Add

Tip

Full details of all add’s options can be found with wr add -h.

Once the manager has been started, you can add the commands you want to get executed to the manager’s queue by using the add sub-command.

The simplest usage would be to place all the commands you need to execute in to a text file, 1 command per line, and then:

wr add -f commands.txt

Tip

-f defaults to ‘-’, which means read from STDIN, so you can also pipe commands in, which can be a quick way of adding a single command, eg:

echo "myexe --arg a" | wr add

However, it would be best if you also specified additional information, which are discussed in the following sections.

wr add returns as soon as the jobs get successfully added to the queue, and it tells you how many jobs were added. They will get scheduled and executed at some point in the future, when the manager is able to find space amongst your computing resources.

To prevent corrupted outputs, wr does not let you run the exact same command more than once simultaneously, so if you try to add a command that is already in the queue, it will not be added again. You also won’t be able to add a command to the queue that you previously added to the queue and that completed successfully. If you need to re-run a previously completed command, you’ll need to specify --rerun.

Note

For just adding a single command, you can use the --sync option to instead wait until the manager is able to get the command to either succeed or fail, whereupon wr add will exit with your command’s exit code.

Working directory

By default, wr will create a unique sub directory in the directory you run wr add in, and execute your command from inside there. Also by default, when your command finishes running, the unique sub directory will be deleted.

This is to aid isolation of your commands, so they don’t interfere with each other if you have many running simultaneously, and to clean up any temp files your command creates. $TMPDIR will be set to a sister directory of the created sub directory and deleted regardless of your cleanup options.

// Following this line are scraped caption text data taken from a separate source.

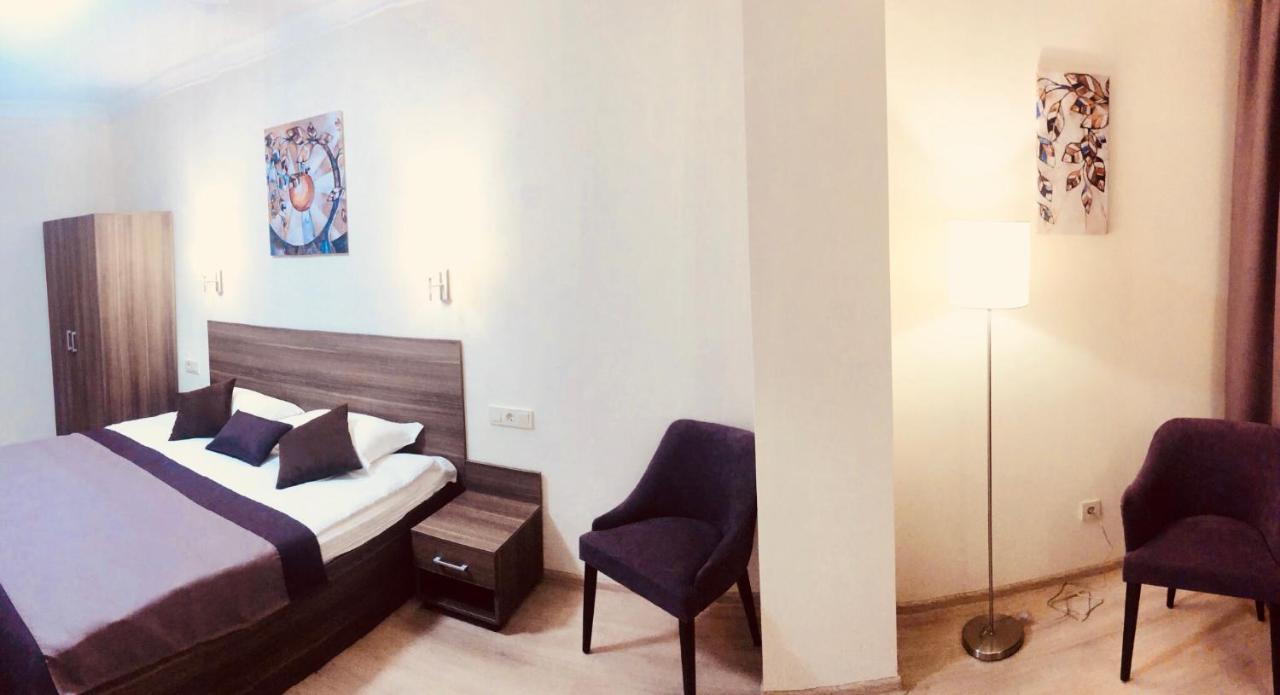 Non-Stop Economy Hotel Boryspilʼ Exteriör bild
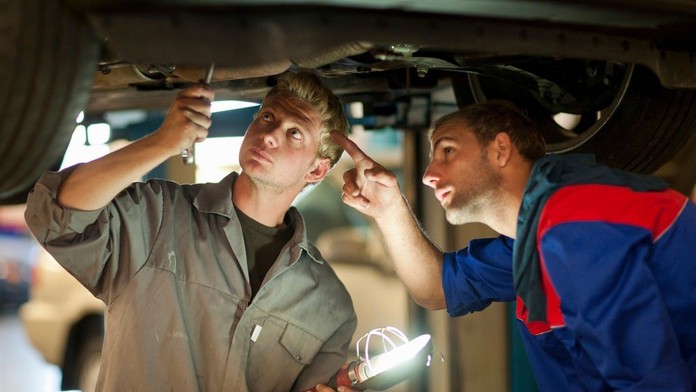 Jak ošetřit auto po zimě? Důležitý je i interiér a další detaily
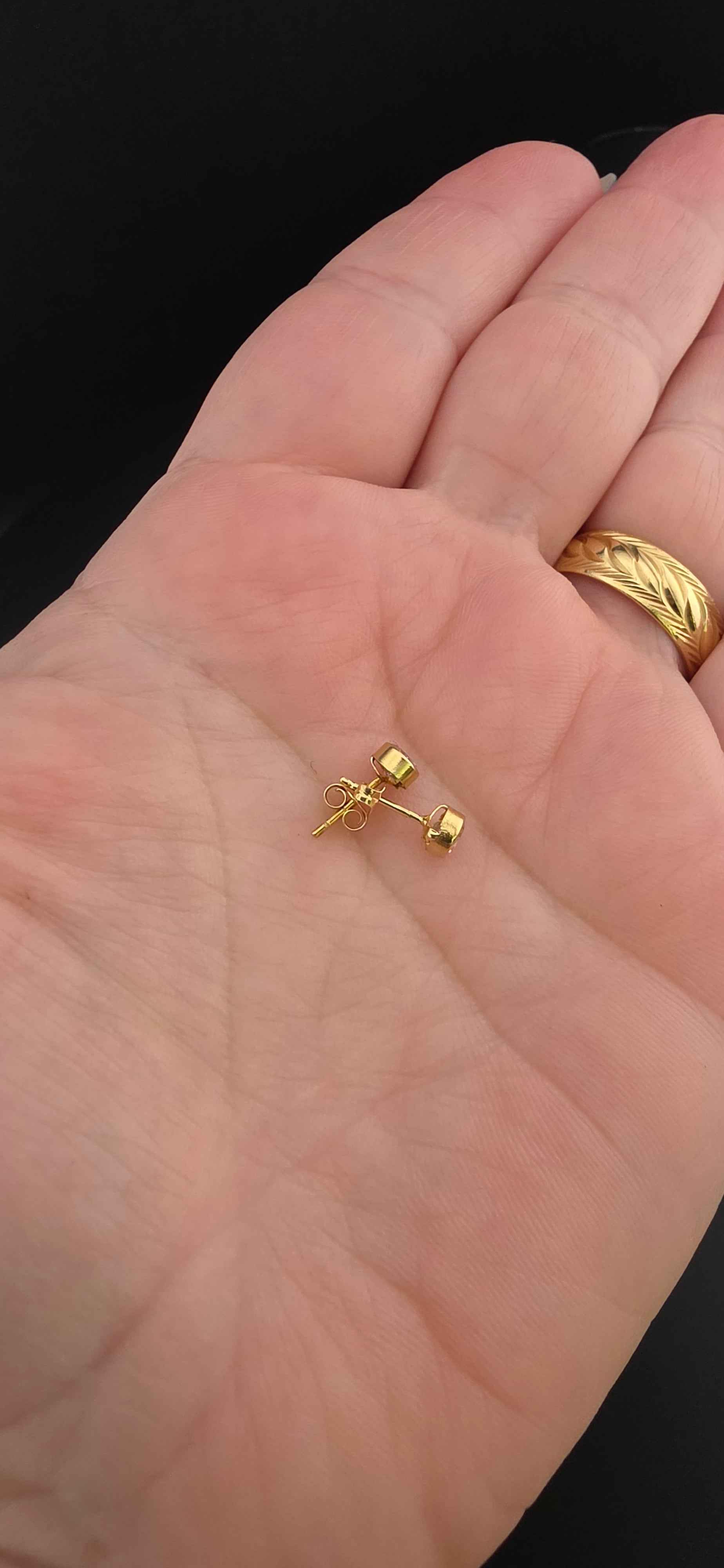 Earring Gold White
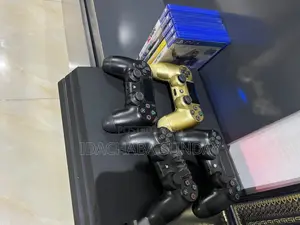 Play Station 4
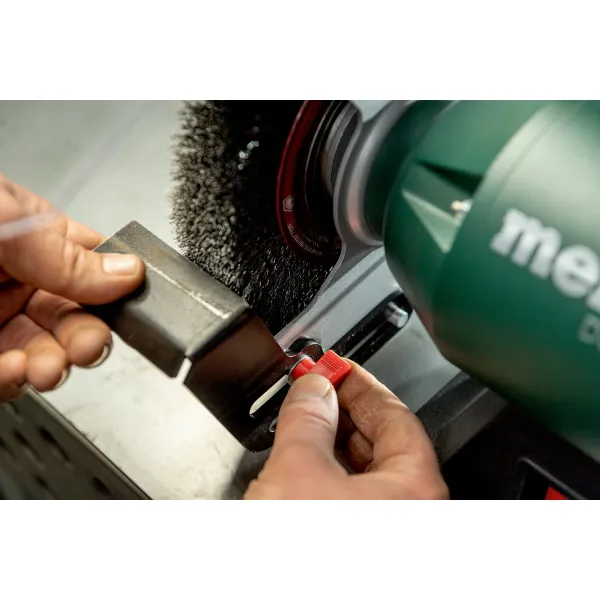 Станок точильный DSD 200 PLUS, 750Вт, круг 200x25, 2980ооб/мин, 17.8кг Metabo (604210000) - Фото 6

It also lets wr track how much disk space your command uses. Finally, you can use the change_home option to set $HOME to the working directory.

It does mean, however, that you need to specify any paths in your command line using absolute paths, and any final output files you want to keep need to be created in or moved to an absolute location (and you’ll need to be careful that multiple of your commands don’t write to the some absolute final output location).

Alternatively, you can specify --cwd_matters, and your command will run directly from the directory you wr add from (or the one you specify with --cwd). You can then use relative paths. But there won’t be any automatic cleanup or disk space tracking. $TMPDIR and $HOME will be unchanged.

Rep_grp

The commands you add have an identifer called a ‘rep_grp’, short for report group. This is an abitrary name you can give your commands so you can easily manipulate them later (eg. get the status of particular commands, or modify them, or kill them etc.).

If you don’t specify a rep_grp with the -i or --rep_grp option, then it defaults to ‘manually_added’.

It will be useful to you if you carefully consider a unique rep_grp to apply to sets of similar commands, that is made up of sub-strings shared with related commands.

For example, imagine you had a 2 step workflow designed to do the job of ‘xyzing’ your data, that first ran an executable foo on a particular input file, then ran another command bar using foo’s output as its input.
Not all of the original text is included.